▶ **Supplied records**:
====

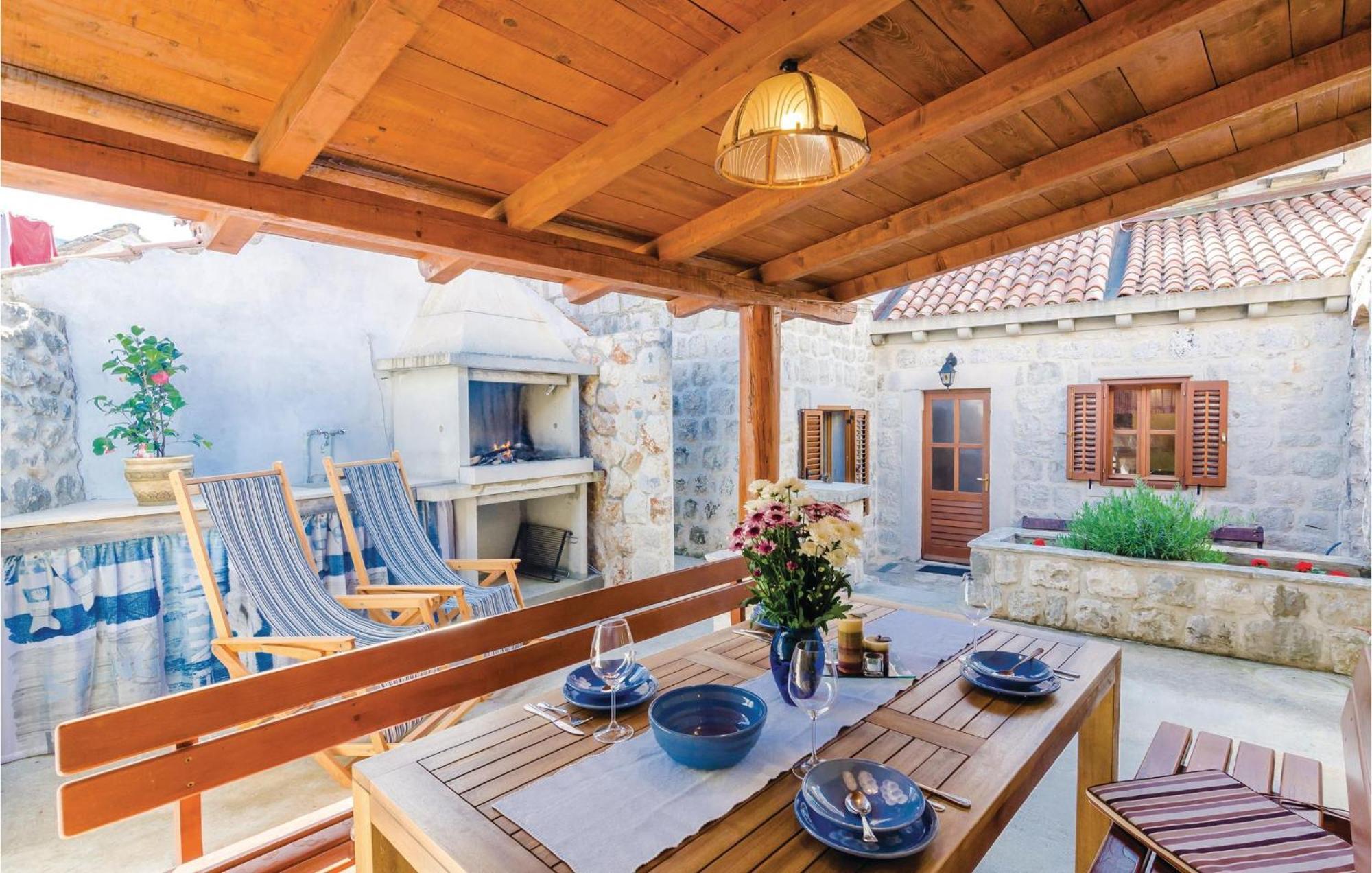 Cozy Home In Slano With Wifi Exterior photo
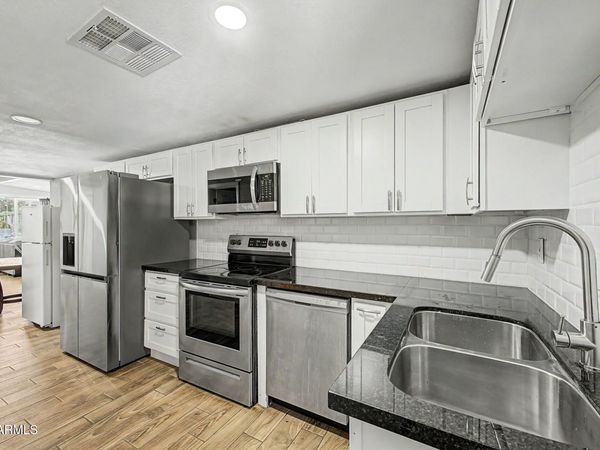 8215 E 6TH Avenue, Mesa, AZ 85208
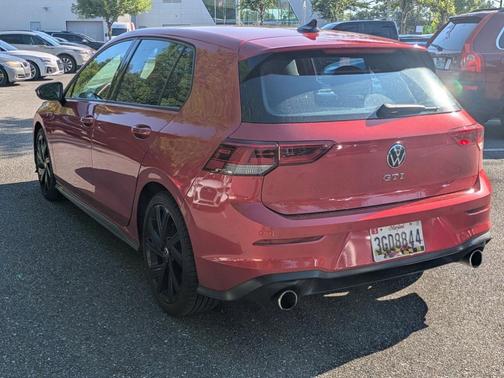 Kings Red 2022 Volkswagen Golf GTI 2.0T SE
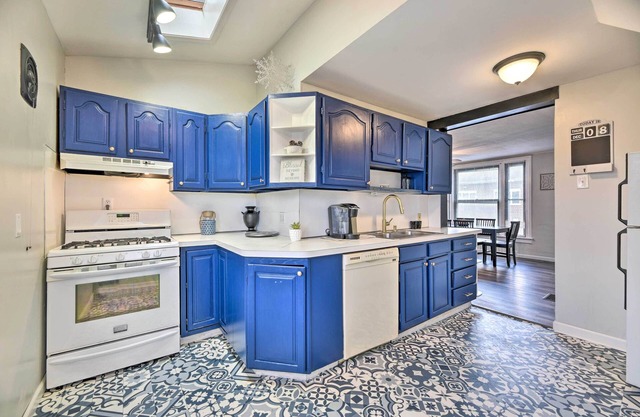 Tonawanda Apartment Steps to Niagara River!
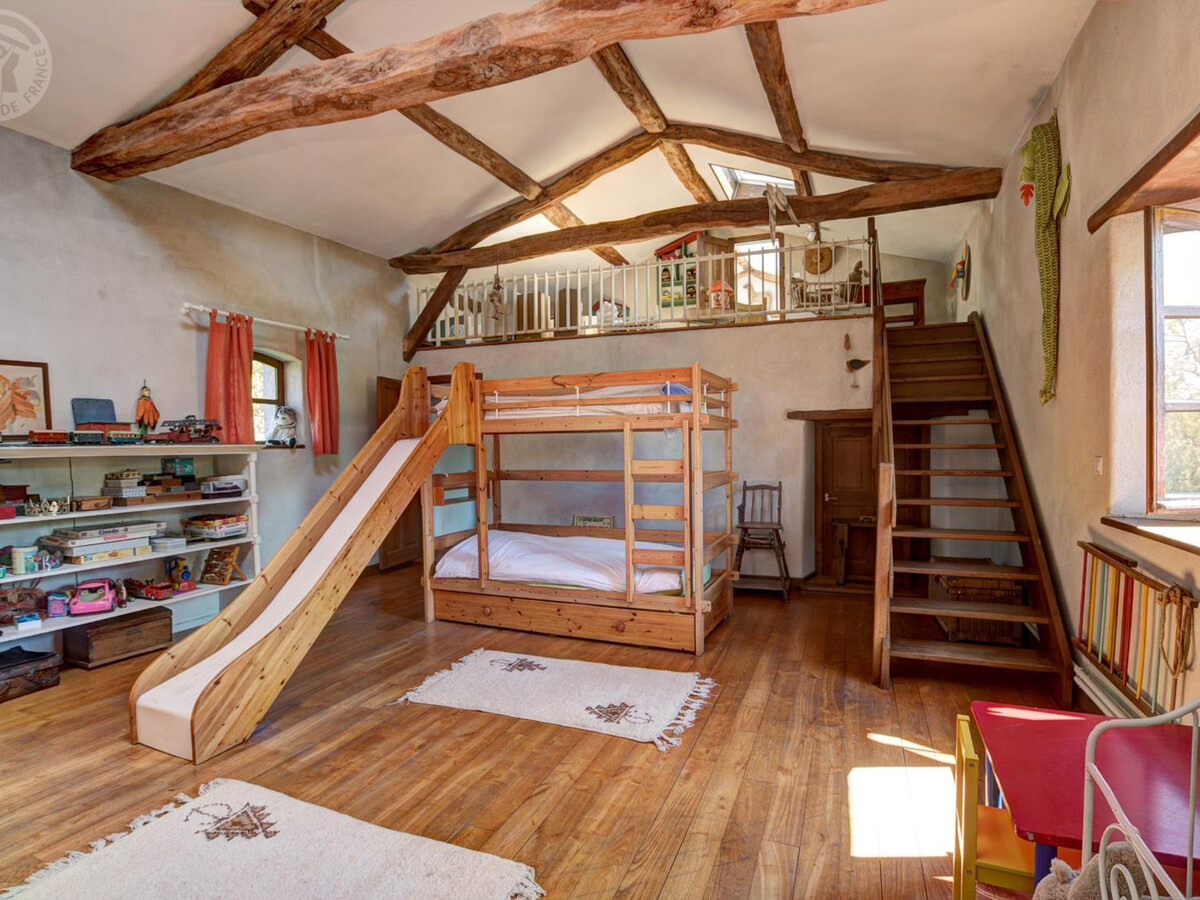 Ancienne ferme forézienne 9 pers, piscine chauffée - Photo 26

====

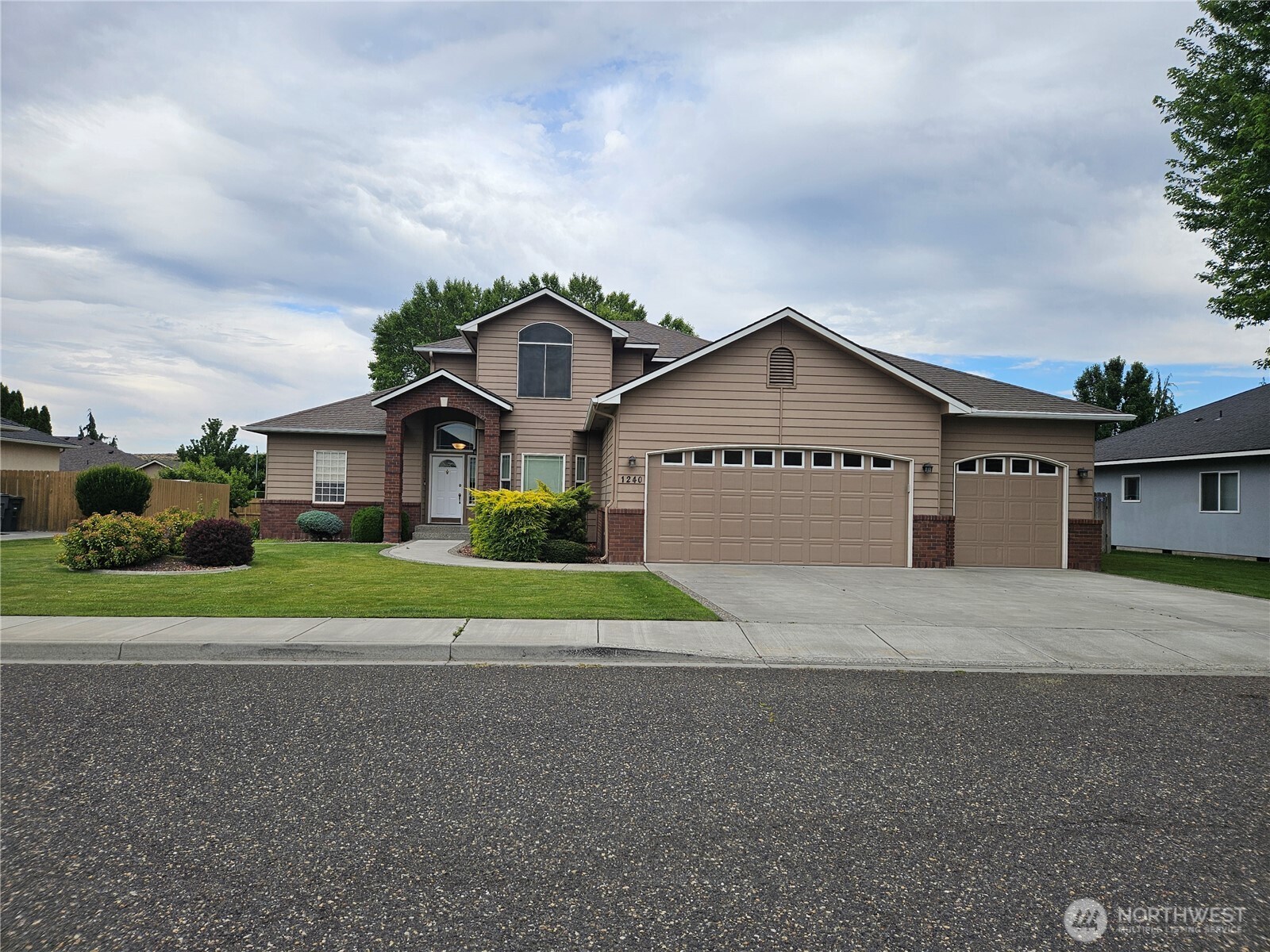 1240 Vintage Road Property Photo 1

====

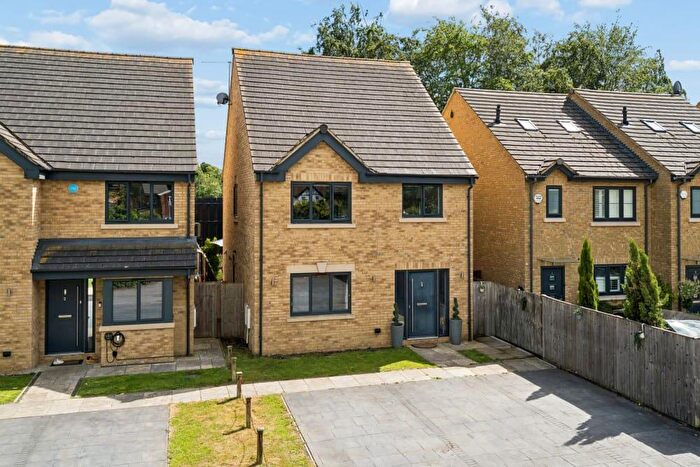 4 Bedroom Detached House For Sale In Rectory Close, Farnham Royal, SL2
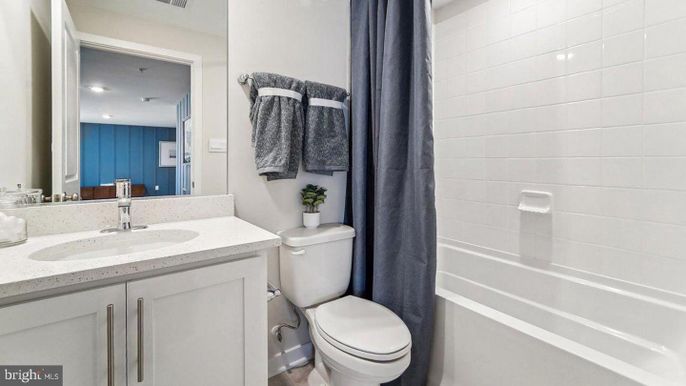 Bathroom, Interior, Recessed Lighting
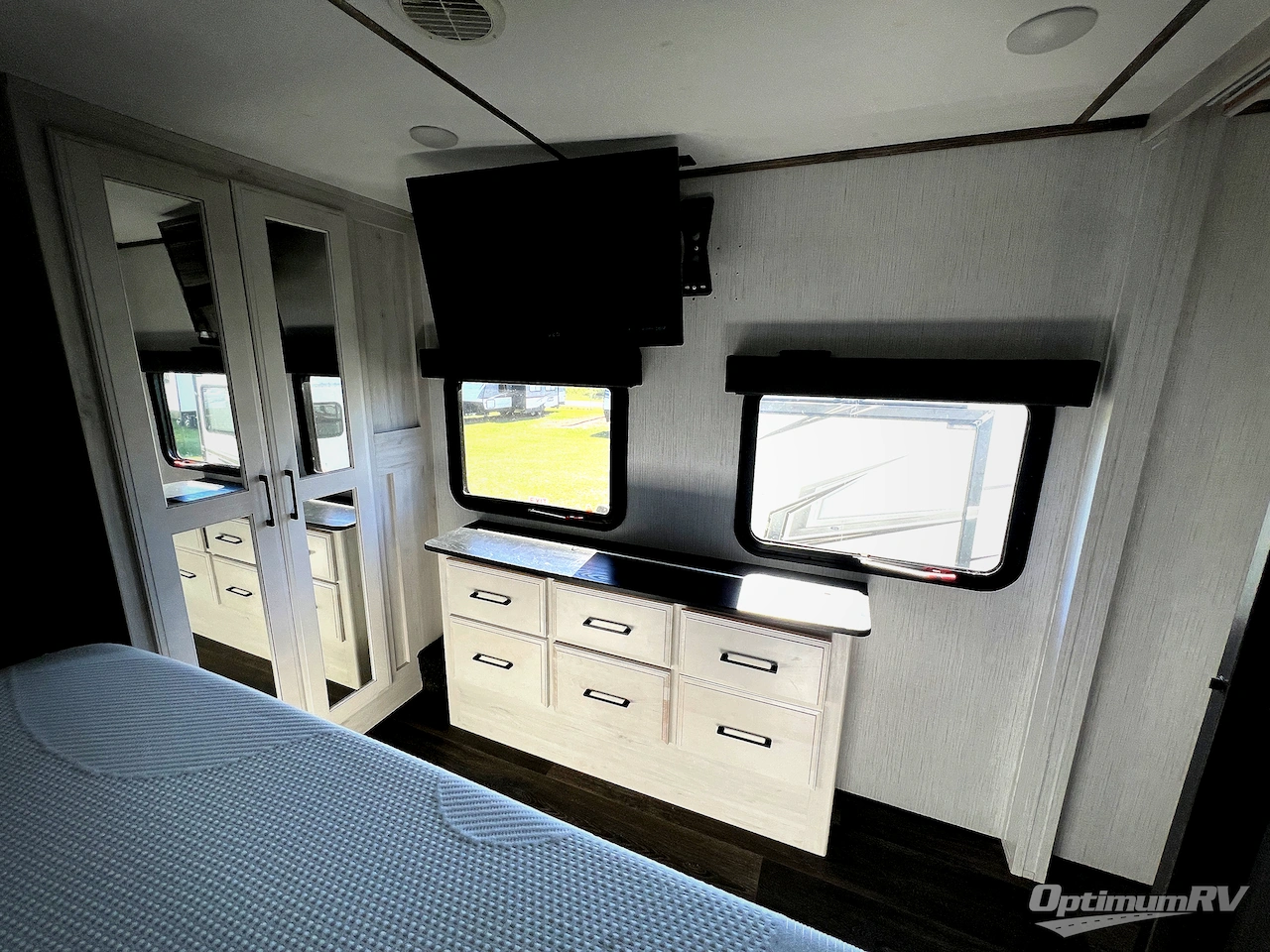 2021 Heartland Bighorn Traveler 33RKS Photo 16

====

▶ **Assigned task**: Find the line with "Cozy Home In Slano With Wifi Exterior photo" in the data above, and from there retype each line exactly through the line with "Ancienne ferme forézienne", skipping the pictures along the way.

▶ **Response to the exercise**:
 Cozy Home In Slano With Wifi Exterior photo
 8215 E 6TH Avenue, Mesa, AZ 85208
 Kings Red 2022 Volkswagen Golf GTI 2.0T SE
 Tonawanda Apartment Steps to Niagara River!
 Ancienne ferme forézienne 9 pers, piscine chauffée - Photo 26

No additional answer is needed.